Unless rest is achieved in life it cannot be achieved in death. Let this be an absolute rule: whatever you achieve in your life, you will be able to keep in your death, not otherwise. If you have achieved meditation, your death will be meditative. If you have achieved love, your death will be full of love energy. If you have achieved godliness, your death will be divine.
Remember: death cannot achieve anything; the achievement comes through life. Death is just the final reckoning, the final judgment. Death simply closes your life, and the judgment becomes final. If a man was a great lover and he loved, and loved unconditionally, and his life was a flame of love, a light of love, then death will close the chapter with this flame burning bright. But if the death closes your life and it was just a misery and nothing else – just a hoping for the future, never any authentic experience – then you die hollow; then you die in a futile way. That’s what Gurdjieff calls, “the dog’s death.” Then you simply die, but you don’t achieve anything; there is nothing.
Nobody achieves anything through death unless he achieves it through life.

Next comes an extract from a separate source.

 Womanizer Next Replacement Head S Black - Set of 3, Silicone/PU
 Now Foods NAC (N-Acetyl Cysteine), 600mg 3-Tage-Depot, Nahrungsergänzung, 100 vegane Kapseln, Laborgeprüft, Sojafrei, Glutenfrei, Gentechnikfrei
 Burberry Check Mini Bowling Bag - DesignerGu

Death is a single moment. What can you achieve in a single moment? You missed a seventy-eighty-year life, and you hope that you will attain something in a single moment? For eighty years you lived unconsciously, in turmoil, in madness, in nightmares, and then suddenly in death you will become restful? No, sir, you will be turning and tossing in your tomb; you will not find rest.
Confucius is wrong, absolutely wrong. He is giving a consolation. This is criminal. To give such consolations is a crime against humanity because you can distract somebody. And he succeeded in distracting this disciple.

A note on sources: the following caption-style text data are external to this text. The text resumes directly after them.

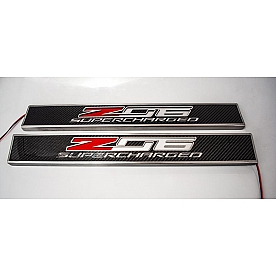American Car Craft Door Sill Protector - Stainless Steel  Brushed Set Of 2 - 051026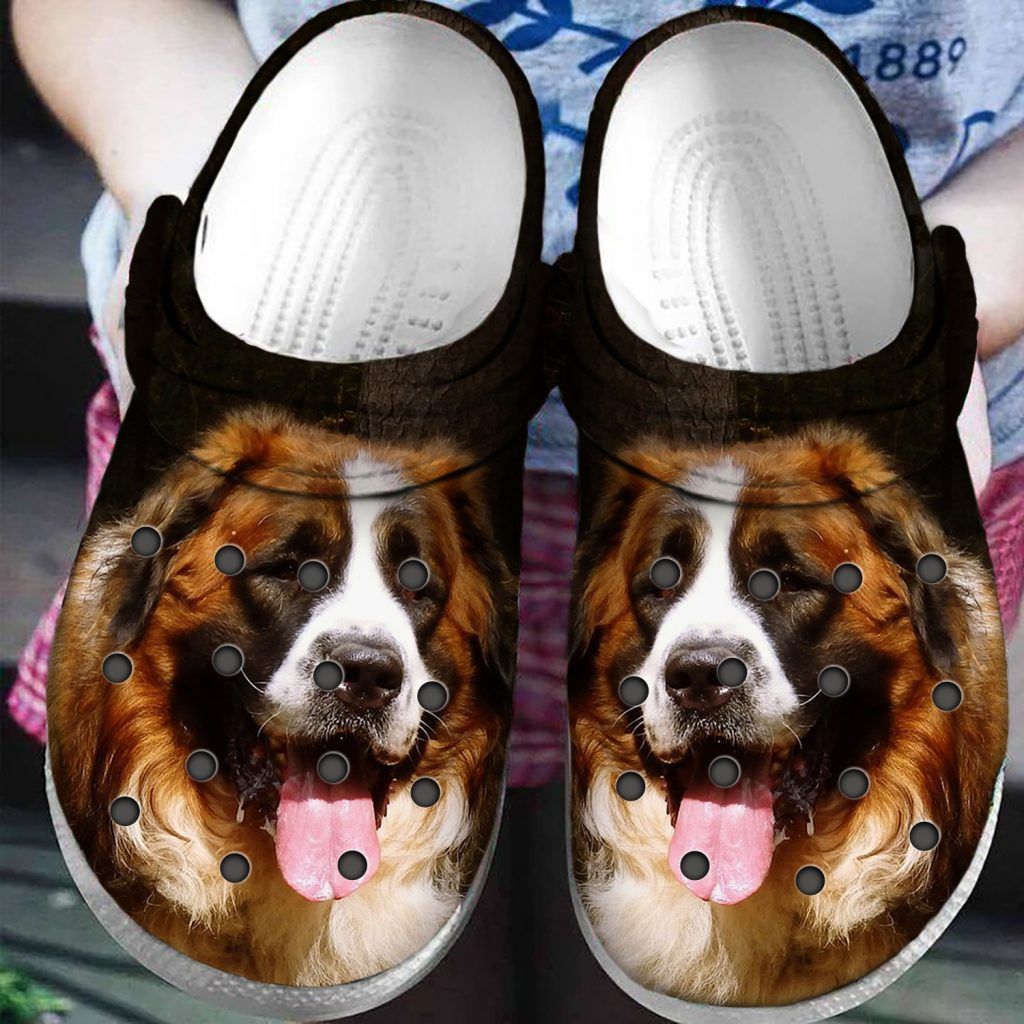 St.Bernard Personalize Clog Custom Crocs Clog On Sandal Fashion Style Comfortable For Women Men Kid St.Bernard Personalize Clog Custom Crocs Clog On Sandal Fashion Style Comfortable For Women Men Kid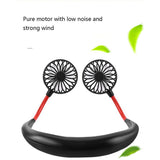 Wearable Lazy Sports Halter Fan Mini Hanging Neck Fan USB Rechargeable Cover Halter Sports Fan Air Cooler Outdoor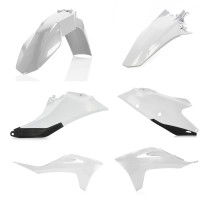 Kit plastiques - Blanc - ACERBIS GAS GAS 250/300 EC 250/350 ECF 2021
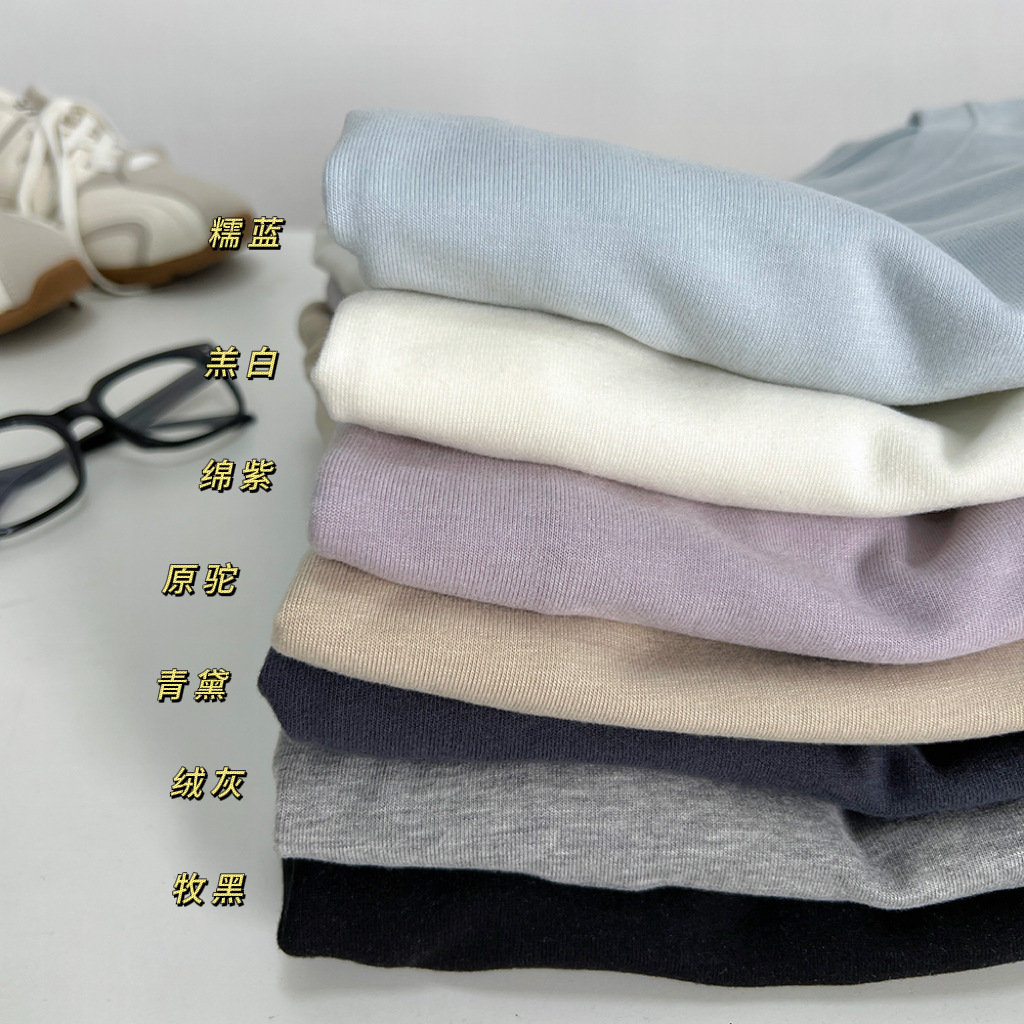 Tencel Wool Series Base Layer Shirt for Women, Warm and Slim-Fitting Fleece Top, Skin-Friendly Inner Layer, Half-Turtleneck Inner Wear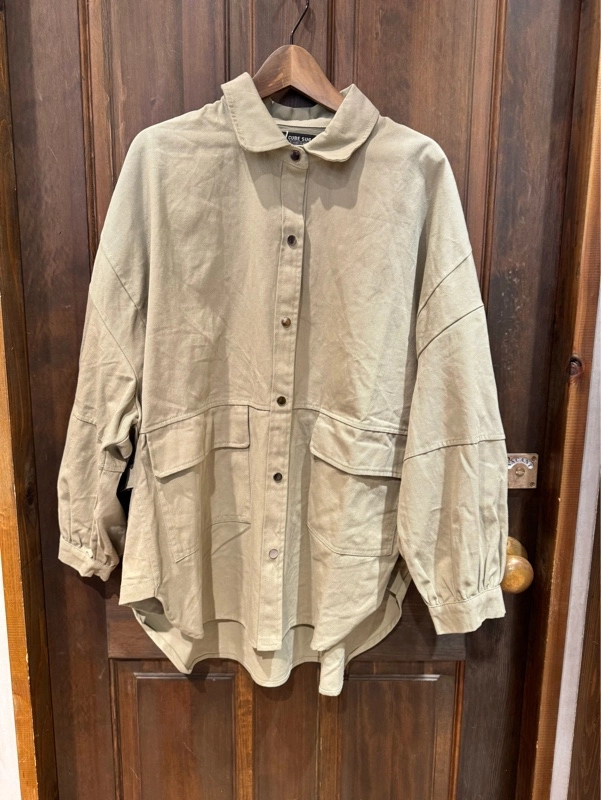コットンツイルシャツジャケット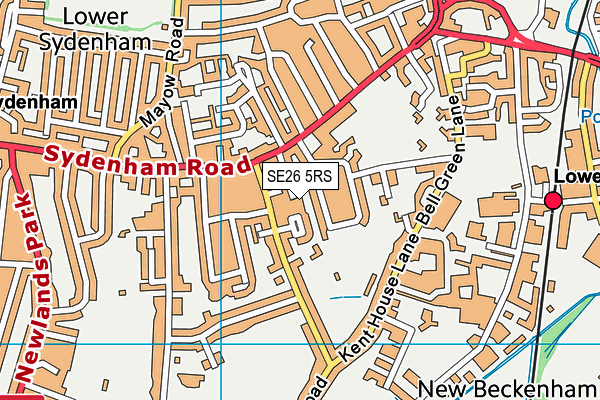 SE26 5RS map - OS VectorMap District (Ordnance Survey)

“Great is death! The gentleman finds rest in it, the mean man submits to it!”
…Said the disciple. Confucius succeeded in distracting him. The great moment was destroyed. Tzu Kung arrived very close to the door through which he could have escaped, but Confucius pulled him back. And the disciple started talking again in terms of philosophy, dogma, study. That’s what he had learned through scriptures: “Great is death!” He did not know. He did not even know rest – how could he know death? Death is ultimate rest, absolute rest. He did not even know relative rest. He did not know what life is; he was in turmoil, split. And he started saying, “Great is death!” Listening to the master he was again clouded by words.
Confucius was a great teacher, very charismatic, his impact was great: he has ruled China down the centuries. He is still influential, he still dominates Chinese thought. In India there was a man, Manu, who can be compared to Confucius. Manu still dominates India, and he is the same type of man – nothing different. Indian society is based on the laws of Manu, and Chinese society is based on the laws of Confucius. And both men have destroyed their countries.

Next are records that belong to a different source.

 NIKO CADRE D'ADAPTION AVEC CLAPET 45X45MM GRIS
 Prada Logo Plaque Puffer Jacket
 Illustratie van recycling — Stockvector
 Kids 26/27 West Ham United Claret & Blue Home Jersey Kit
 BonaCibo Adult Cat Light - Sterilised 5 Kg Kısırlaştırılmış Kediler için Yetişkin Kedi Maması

“Great is death!” Listening to the master, to his teacher, the disciple was again befogged; the master’s charisma functioned – he was deceived. He forgot that he had said, “I want to find rest, and I have become weary of all the studies.” He was just at the turning point where the student could become a disciple. He missed again. He again fell back into the old trap which is always easy to fall into because one knows it very well, it is familiar. “Great is death!” Not knowing anything about life, not knowing anything about rest, he asserted a profound truth: “Great is death.” He must have read it. Yes, in the scriptures it is written: “Great is death.” But death is great only when life is great.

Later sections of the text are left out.